Bonds Plenty Strong Today. Quiet Turns to Chaos Tomorrow

By: Matthew Graham
  • 4.5's close up 8 ticks at 100-15 yielding 4.451%
  • Scattered Reprices for the Better Reported
  • 10yr tsy crept into the 3.74's
  • Secondary Market Current Coupon: 4.437%
  • Yield Spreads Wider. CC +69.4/10TSY and +70.9/10IRS
  • S&P -0.1% at 1205.94

Here are the MBS and Treasury charts.  Please note that 100-16 has been tough resistance 3 times already this month.  That doesn't mean that must be the case again, but something to consider if you're playing ranges until they play you. 

In terms of recent ranges, MBS haven't been much higher. 

And then in the treasury section of the chart above, not that today has been a decidedly lower low than the 16th, preserving some sense of a "downward trending yield."

That bullish downward yield trend doesn't match up too well with technicals in the futures market though.Take a look....

Now look from a WIDER PERSPECTIVE.

Possible double-top forming there....that is BEARISH for interest rate futures prices.
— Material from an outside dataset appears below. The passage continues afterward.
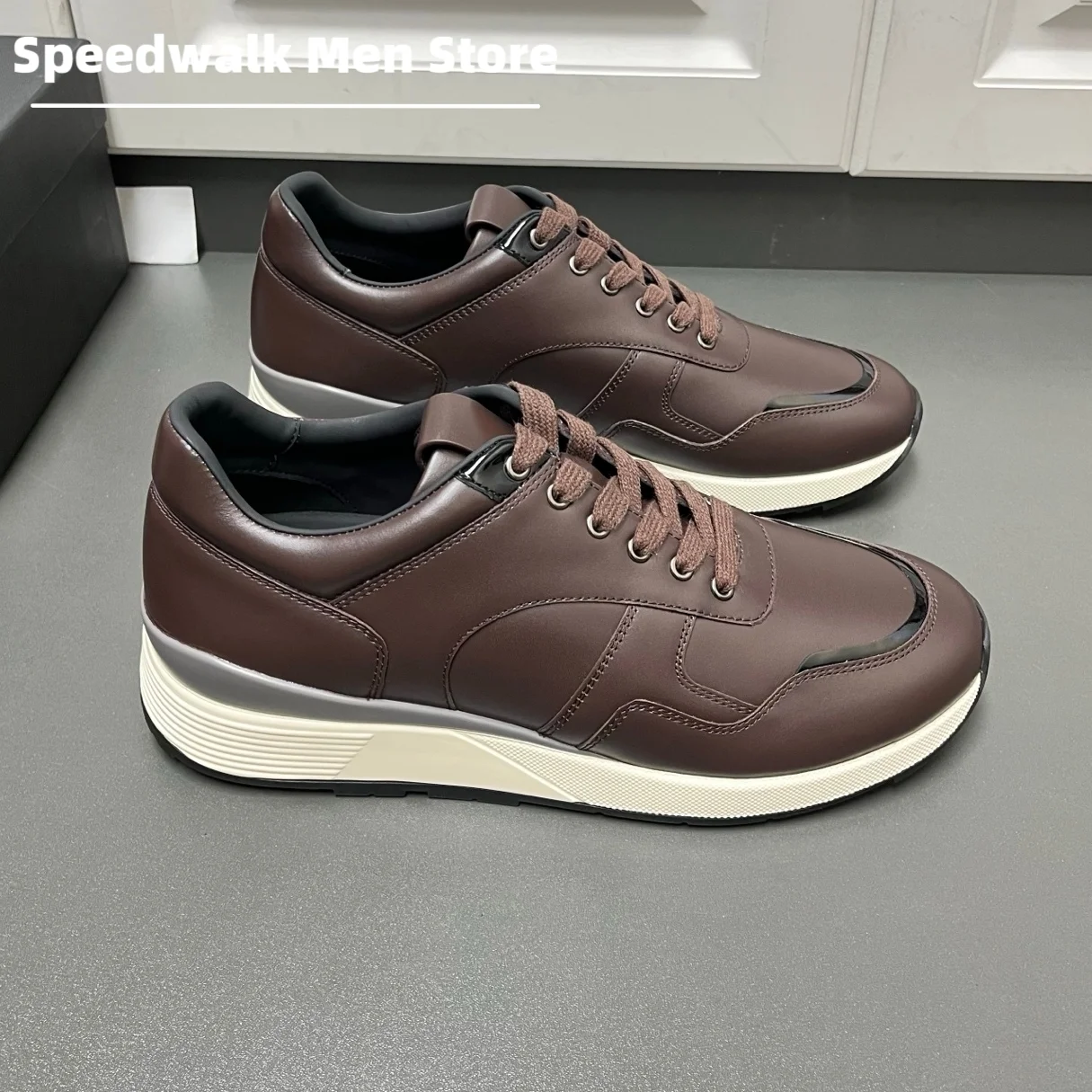 Minimalist Business Men Leather Platform Sneakers Height Increase Lace Up Soft Sole Outdoor Daily Gentleman Walking Footwear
Seems to be a bid of a crossroads, but did we really hit this level on the 16th only to have the intervening days offering nothing by way of guidance, thus explaining away the price action that has taken place underneath that level? 

Not sure and we really don't want to look too much into this market's "feelings" at the moment. The empty economics calendar, constant babble about Goldman Sachs, a steady flow of earnings releases, low participation trading, political positioning, etc, etc, distraction, distraction, Greece....all really meant nothing to the market over the past 48 hours. There isn't much "newsness" to the market, no reason to really trade real bonds as much as bond contracts. But that all changes after today. The market will gets to wet its appetite in the morning.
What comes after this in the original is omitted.